Over the next few days there was very little activity along the river. Vast expanses of tall, swaying grass with wispy white tips were punctuated by a few dusty villages and occasional fields of bright yellow mustard. The villages were small and few had shops.
When I inquired about restaurants, people took me into their homes and fed me. An apple farmer visiting his nearby orchard explained to me, “The people share because they want to-after all, you could be a god.”
Five days into my trip, in the village of Tanda, I was brushing my teeth near the river with a group of 20 onlookers when a young man came over and invited me to stay at his house. At the age of 18, Iftakar was already a doctor, Urdu poet, chicken farmer and English student.
We spent the evening on charpoys (string beds) set outside the chicken shed talking about the river, discussing his poetry and eating fiery vegetarian food prepared by his mother. His family’s house is ten feet from the edge of the brown earthen cliff overlooking the river.
Later, when Iftakar’s friends arrived, I learned that one of them, Masquel, used to live in front of Iftakar. The now calm river had claimed his family home during the last monsoon. I suddenly realized that the strange circular stone and brick tubes I’d seen sticking up from the river were the remains of wells from washed-away homes.
The following night I camped and was up by 5:30 a.m. to start my paddle to the capital of New Delhi. A wrinkled old man with a stubbly gray beard helped me get the boat into the water.
As I was sitting with my feet out of the boat, intending to wash the thick, dark mud off, the old man came over and gently scrubbed each foot. I floated away looking back, and he bowed once before struggling up the bank and walking away.
I paddled past increasingly developed areas, and was on the northern outskirts of Delhi by noon. Paddling up to a dam with the city’s water intake plant nearby, I approached a rusted perimeter fence to ask a group of curious workers if I could come through to portage.
“Are you from Pakistan?” one of them asked. I was in for trouble. Two guards and a crusty old sergeant who was wearing faded khakis that were a size too small marched me to the guard house, a small dark concrete building.
I panicked at the thought that my trip might be over after just seven days. Luckily, after a few minutes of rummaging through my belongings, I found my passport, proving that I was indeed an American.
Faces brightened noticeably and old Sarge now brought me a cup of tea and wanted to know if I had met his brother in California.
The officer in charge, whose right arm was in a cast-maybe because he’d been fighting other kayaking terrorists-explained that they had detained me because the dam was a restricted area. I asked how I could know this, as there were no signs posted. “Of course there are no signs, it is a secret.”
After another hour of questioning they helped me carry the boat up to the road and flagged down a truck that took me to Delhi.

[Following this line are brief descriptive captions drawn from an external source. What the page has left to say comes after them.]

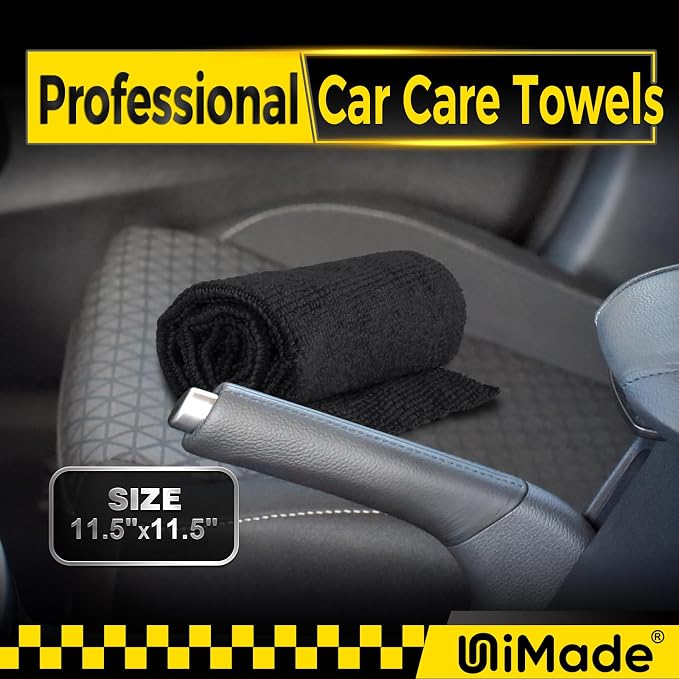 Microfiber Cleaning Cloth, 100 Pack Microfiber Towels - Image 4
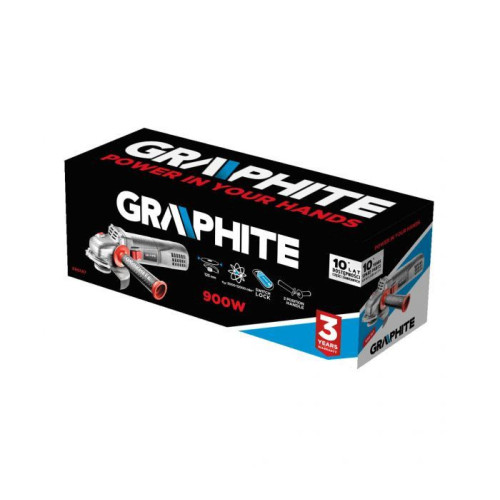 Szlifierka kątowa Graphite 900 W 125 mm - 59G187 - Graphite - 11
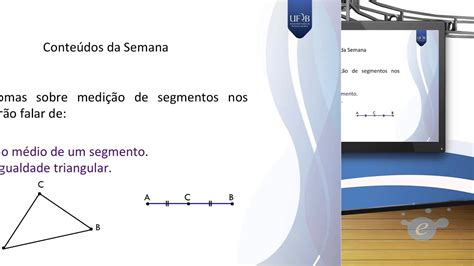 Aula Geometria Plana Em Ead Axiomas De Incidencia Ordem E Medi O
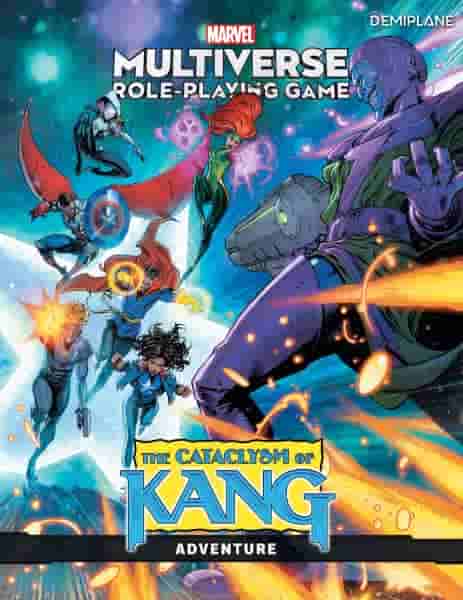 Marvel Nexus теперь доступен бесплатно, чтобы отпраздновать Катаклизм Канг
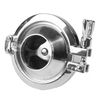 Hygienic Non Return Valve Butt Weld One Way Flow Check Valve
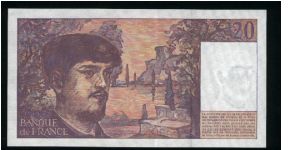 Banknote from France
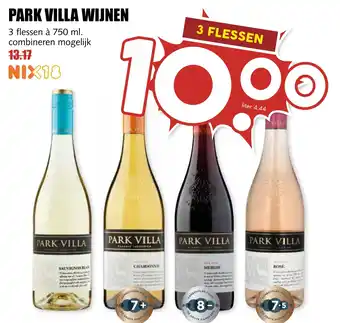 De Boerenschuur Park villa wijnen aanbieding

In Delhi I stopped by the city’s Water Board. A helpful man told me, “The rivers of India are for everyone, so you may go where you please.” He explained that ten dams protect the city from floods and that I should start from below the last of these at the southern suburb of Okhla.

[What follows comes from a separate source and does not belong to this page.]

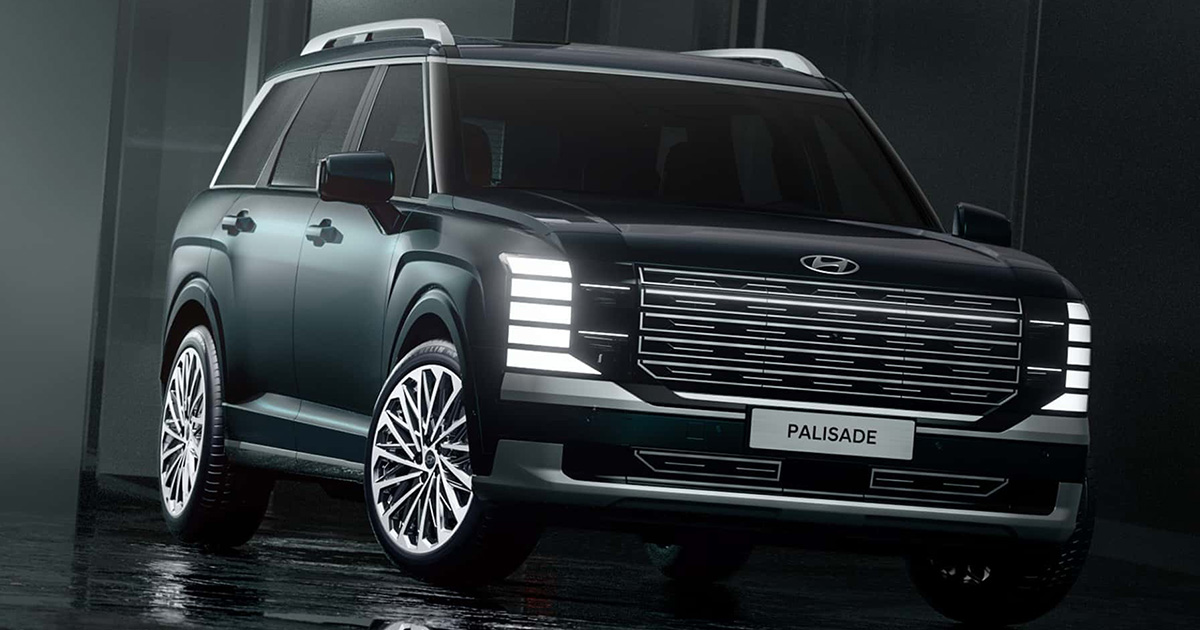 Sneak Peek: Hyundai stellt den neuen Palisade 2026 vor - Was ist neu?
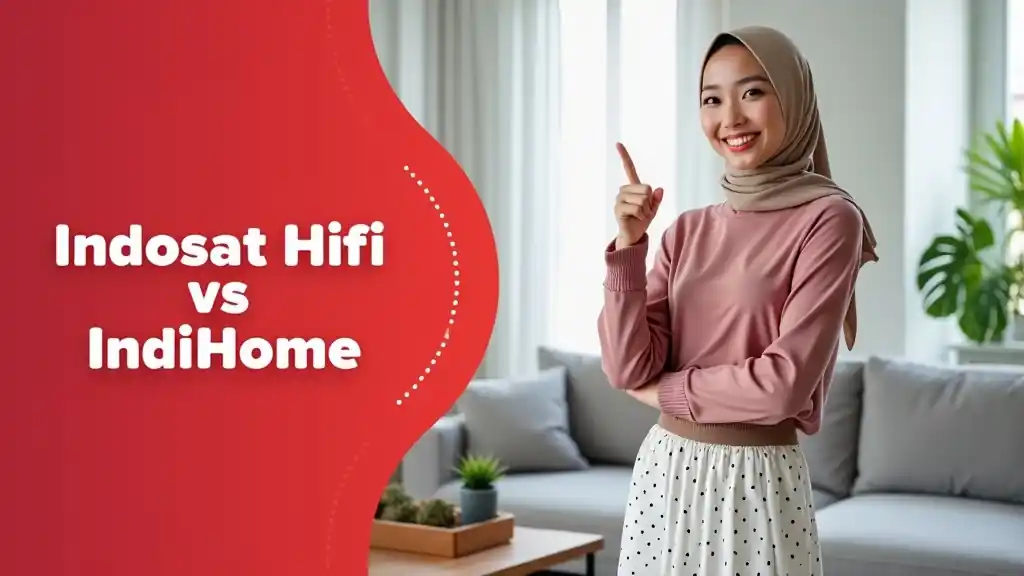 Indosat Hifi Vs Indihome Kutai Kartanegara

The following day, I left a duffel bag of trekking gear behind to be mailed home later, and hired a bicycle rickshaw to Okhla. In Okhla, there was a police post next to a set of steps leading down to the river, but the two officers just waved and went back to their newspaper as I carried the big red bag to the concrete steps at the river’s edge and assembled Moganga.
The now lighter boat handled better as I paddled toward Mathura, 200 miles away. It saddened me to see that the river banks were strewn with plastics and rotting garbage, and I recalled a newspaper article I had read that said that the E-coli count here was 9,000 times the safe limit.
Yet, several hours later, in the countryside, as I paddled past fishermen who were sitting in inner-tubes and casting their nets over the side, the river seemed in much better health.
I had forgotten to get water before leaving Delhi, so I stopped at an isolated farm and asked two men repairing a motorcycle if I could draw water from their well. The next thing I knew I had been invited to lunch. The wife of one of the men brought roties with ghee (unleavened, round bread with clarified butter) and vegetarian curry while my hosts looked on with wide, kind smiles. Following the main course, one of the farmers peeled apples for me.
Afterwards, as I paddled back out into the current with my new friends waving from the banks, I felt quite spoiled.
Throughout the afternoon I played leapfrog with a wide wooden boat also headed downstream. At 4:00 we both stopped for the night, and a well-dressed farmer from the boat encouraged me to stay in a tiny, nearby village. He didn’t live there, but he talked to people in the village, who happily took me in. After he left, there was no one who spoke English, so I struggled with my very limited Hindi.
The five older men quickly returned to the business of smoking tobacco through a large hookah. The women were nowhere to be seen. Then, one brash old lady appeared and loudly demanded to know what I was doing in her village. Her questions were punctuated by wildly gesturing hands. She didn’t buy my story about arriving by boat. I motioned for her to follow me, but that wasn’t going to happen. Instead, like the Pied Piper, I led a group of small giggling children to the boat.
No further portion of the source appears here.